Your assignment: Which of the lines below include "Plush"? Each one should be copied out.
########
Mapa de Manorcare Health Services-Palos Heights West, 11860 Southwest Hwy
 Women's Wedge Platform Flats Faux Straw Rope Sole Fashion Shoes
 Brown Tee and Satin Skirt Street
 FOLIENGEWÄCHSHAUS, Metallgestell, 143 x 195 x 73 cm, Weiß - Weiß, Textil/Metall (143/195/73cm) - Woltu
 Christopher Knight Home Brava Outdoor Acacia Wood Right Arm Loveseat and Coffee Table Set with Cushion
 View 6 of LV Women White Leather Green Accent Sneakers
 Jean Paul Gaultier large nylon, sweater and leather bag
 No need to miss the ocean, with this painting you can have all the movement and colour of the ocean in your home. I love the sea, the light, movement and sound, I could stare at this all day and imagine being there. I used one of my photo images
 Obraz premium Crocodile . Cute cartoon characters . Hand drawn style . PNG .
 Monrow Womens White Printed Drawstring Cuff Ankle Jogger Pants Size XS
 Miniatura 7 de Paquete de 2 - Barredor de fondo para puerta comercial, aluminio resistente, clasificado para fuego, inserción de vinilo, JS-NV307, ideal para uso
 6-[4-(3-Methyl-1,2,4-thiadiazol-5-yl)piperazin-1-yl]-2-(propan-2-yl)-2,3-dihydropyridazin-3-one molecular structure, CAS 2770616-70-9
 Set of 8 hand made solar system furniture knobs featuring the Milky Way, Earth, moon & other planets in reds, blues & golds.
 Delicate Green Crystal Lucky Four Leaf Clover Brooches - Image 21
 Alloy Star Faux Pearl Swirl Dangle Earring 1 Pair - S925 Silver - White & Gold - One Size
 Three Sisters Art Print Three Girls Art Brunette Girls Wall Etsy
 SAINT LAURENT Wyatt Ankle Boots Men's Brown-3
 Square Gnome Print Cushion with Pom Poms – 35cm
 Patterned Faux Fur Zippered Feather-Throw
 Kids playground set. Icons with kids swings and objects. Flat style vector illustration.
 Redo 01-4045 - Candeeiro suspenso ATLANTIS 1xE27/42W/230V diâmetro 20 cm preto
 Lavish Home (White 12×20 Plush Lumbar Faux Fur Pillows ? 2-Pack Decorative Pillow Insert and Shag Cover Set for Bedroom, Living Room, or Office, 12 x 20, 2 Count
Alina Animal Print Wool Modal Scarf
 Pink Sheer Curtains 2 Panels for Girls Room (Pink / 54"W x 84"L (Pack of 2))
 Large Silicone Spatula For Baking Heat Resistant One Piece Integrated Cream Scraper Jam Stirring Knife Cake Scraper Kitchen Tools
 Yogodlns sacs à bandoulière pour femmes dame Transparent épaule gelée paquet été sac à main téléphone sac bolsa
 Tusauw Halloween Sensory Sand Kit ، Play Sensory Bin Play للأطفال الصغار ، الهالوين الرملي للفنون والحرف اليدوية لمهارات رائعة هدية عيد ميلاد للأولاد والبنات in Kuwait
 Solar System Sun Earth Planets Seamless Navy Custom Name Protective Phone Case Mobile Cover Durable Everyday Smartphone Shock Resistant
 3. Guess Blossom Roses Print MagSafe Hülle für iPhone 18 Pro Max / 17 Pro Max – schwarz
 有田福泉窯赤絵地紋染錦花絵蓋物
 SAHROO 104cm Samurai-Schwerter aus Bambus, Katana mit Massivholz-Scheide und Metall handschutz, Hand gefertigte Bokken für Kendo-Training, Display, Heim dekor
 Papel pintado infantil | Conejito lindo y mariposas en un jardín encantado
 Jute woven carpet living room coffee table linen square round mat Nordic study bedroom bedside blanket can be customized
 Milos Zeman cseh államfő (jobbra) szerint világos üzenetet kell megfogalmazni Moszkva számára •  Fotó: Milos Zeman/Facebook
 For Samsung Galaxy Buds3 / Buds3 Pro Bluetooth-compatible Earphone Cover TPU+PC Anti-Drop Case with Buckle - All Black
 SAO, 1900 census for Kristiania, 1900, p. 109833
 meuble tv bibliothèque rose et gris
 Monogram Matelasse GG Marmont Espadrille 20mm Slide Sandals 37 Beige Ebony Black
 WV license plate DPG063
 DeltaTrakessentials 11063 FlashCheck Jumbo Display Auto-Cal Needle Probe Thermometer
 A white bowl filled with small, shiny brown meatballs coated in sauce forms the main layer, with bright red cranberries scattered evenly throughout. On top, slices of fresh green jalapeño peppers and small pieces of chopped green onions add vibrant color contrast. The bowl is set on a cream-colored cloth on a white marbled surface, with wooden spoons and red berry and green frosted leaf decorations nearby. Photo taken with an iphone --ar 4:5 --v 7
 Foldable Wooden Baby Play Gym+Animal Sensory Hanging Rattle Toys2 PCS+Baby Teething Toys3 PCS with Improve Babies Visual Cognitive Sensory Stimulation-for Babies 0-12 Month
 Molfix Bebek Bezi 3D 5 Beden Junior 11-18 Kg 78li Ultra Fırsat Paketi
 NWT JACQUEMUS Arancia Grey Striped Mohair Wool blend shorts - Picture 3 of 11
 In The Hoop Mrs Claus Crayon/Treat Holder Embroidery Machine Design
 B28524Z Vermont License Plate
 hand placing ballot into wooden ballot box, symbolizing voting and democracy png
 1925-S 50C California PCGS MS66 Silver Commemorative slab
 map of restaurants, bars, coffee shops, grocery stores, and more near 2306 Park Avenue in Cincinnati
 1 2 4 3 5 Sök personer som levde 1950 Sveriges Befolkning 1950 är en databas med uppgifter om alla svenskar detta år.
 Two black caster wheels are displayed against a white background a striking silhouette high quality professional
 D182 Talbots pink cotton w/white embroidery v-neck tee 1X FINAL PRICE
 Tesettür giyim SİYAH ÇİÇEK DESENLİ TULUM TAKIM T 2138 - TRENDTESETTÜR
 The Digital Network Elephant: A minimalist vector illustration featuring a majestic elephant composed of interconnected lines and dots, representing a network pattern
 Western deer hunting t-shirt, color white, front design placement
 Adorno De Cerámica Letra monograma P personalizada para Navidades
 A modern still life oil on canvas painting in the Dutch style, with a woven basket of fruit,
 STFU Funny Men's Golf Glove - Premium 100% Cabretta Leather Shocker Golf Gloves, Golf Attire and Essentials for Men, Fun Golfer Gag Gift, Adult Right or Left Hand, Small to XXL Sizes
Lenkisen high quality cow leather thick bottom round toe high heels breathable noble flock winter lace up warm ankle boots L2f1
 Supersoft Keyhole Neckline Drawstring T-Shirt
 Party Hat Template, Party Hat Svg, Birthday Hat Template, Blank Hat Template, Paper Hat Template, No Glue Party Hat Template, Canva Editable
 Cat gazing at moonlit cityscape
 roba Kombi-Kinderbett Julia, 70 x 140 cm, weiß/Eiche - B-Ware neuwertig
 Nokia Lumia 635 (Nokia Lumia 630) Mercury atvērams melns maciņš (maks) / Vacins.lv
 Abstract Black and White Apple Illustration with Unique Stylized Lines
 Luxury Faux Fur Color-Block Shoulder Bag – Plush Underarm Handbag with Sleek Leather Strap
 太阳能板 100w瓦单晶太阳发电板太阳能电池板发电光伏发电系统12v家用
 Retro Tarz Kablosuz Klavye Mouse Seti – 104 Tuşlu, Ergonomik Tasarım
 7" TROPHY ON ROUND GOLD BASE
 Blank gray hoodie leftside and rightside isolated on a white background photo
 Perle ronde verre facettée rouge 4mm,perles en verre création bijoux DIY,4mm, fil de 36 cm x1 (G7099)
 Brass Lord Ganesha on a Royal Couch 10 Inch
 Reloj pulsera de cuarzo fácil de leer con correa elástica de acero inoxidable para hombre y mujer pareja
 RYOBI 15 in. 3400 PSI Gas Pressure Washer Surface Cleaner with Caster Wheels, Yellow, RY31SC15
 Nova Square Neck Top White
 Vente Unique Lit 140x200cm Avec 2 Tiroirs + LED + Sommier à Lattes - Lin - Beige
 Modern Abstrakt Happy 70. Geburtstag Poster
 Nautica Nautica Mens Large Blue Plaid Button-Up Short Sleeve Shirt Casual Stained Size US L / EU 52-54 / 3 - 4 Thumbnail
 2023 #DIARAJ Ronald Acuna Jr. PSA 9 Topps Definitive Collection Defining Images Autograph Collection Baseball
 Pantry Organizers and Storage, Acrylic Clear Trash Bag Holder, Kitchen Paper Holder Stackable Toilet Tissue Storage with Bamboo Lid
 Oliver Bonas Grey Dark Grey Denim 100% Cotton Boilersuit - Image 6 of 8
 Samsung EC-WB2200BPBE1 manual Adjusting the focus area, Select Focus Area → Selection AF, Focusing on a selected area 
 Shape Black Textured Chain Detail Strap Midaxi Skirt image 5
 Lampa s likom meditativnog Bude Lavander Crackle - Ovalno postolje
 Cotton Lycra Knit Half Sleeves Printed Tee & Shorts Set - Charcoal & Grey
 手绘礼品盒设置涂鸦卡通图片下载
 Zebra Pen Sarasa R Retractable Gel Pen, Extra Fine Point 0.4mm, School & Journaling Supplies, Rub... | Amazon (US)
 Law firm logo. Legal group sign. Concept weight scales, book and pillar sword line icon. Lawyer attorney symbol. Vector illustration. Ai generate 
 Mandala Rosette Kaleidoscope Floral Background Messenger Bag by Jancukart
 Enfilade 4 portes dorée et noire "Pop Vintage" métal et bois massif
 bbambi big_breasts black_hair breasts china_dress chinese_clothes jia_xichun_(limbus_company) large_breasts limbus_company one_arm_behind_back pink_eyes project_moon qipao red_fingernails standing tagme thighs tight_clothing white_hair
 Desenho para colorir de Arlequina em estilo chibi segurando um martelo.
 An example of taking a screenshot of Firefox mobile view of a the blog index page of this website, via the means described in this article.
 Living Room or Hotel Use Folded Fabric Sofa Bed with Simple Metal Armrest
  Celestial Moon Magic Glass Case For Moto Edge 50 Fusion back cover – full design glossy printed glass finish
########
Solution to the problem:
 Lavish Home (White 12×20 Plush Lumbar Faux Fur Pillows ? 2-Pack Decorative Pillow Insert and Shag Cover Set for Bedroom, Living Room, or Office, 12 x 20, 2 Count
 Luxury Faux Fur Color-Block Shoulder Bag – Plush Underarm Handbag with Sleek Leather Strap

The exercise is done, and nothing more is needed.